Last Thursday, while the country celebrated the International Women’s Day under the theme “Empowering Rural Women and Girls: Opportunities and Challenges”, GCIU launched the second session of the skills development and empowerment program that is aimed at ensuring financial independence and sustainability of the girl child.
The program targets to enroll a total of 60 school drop outs to train in different disciplines such as Hairdressing, Tailoring, Liquid Soap Making, Candle making, Book making and Catering.
During the launch of the program, GCIU Project coordinator, Anet Nankya said that despite development efforts put in place by government, poverty is still growing both in absolute and relative terms.
Nankya said that there is an increasing number of young mothers living below the poverty line and the disparities between these and other households is widening.

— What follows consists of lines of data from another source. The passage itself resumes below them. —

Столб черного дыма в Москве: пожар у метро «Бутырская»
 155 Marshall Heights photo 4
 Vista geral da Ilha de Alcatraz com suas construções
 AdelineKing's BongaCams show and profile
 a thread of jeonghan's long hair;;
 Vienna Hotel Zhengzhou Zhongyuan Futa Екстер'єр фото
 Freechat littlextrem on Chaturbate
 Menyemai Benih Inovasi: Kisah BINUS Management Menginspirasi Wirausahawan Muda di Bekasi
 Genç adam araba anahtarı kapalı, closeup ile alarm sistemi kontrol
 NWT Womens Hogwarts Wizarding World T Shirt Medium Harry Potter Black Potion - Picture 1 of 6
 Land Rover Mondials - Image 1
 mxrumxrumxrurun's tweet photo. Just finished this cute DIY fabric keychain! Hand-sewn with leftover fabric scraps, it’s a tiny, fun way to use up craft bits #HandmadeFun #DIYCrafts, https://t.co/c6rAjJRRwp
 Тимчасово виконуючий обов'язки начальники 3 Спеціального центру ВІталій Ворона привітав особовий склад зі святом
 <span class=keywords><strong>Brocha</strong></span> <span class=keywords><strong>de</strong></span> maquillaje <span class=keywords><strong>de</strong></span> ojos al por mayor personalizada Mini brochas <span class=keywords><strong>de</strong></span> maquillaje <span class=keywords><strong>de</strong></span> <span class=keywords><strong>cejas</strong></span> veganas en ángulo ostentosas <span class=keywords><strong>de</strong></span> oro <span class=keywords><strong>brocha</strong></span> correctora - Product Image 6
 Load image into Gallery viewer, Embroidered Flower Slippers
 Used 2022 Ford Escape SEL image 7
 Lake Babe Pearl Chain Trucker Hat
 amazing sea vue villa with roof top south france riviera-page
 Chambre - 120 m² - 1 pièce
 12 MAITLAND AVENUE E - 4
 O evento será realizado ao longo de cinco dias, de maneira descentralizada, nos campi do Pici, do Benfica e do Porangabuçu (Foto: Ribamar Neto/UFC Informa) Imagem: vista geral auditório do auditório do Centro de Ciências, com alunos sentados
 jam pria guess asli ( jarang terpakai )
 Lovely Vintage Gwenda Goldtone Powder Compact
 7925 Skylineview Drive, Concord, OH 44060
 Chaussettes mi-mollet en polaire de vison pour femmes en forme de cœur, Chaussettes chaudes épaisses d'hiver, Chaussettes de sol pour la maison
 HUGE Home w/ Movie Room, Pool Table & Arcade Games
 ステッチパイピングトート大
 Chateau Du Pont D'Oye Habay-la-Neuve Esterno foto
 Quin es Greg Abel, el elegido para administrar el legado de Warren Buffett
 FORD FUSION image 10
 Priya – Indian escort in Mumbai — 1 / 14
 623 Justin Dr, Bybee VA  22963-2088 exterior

“One of the few development strategies that have been shown to sustain impact upon the poor is that of capacity building, the provision of skills in developmental issues to the disadvantaged is very vital to liberate them out of their situation,” Nankya said.
Nankya noted that capacity building interventions have shown to be particularly effective when targeted at young mothers.
This, she said is because young mothers tend to be more responsible in terms of their management of the household income and that the benefits of women’s investments tend to accrue more often to the most marginalized and vulnerable members of the household.
“We have chosen to launch the skills development program among the school drop outs to enable them attain a vocational skill that would in turn help them creat sustainable income hence becoming economically empowered,” she said.
The issue of gender parity in Uganda’s education system remains a big challenge not only in terms of enrollment but also academic performance. Statistics show that of the girls that enroll at different levels of education, fewer of them finally sit for Primary Leaving Examinations (PLE), Uganda Certificate of Education (UCE) and Uganda Advanced Certificate of Education (UACE) examinations, compared to their male counterparts.
The rate of school drop out in Uganda is higher for girls than boys, largely attributed to the inadequate provisions for their reproductive health, cultural mindsets as well as issues to do with forced early marriages especially in rural areas.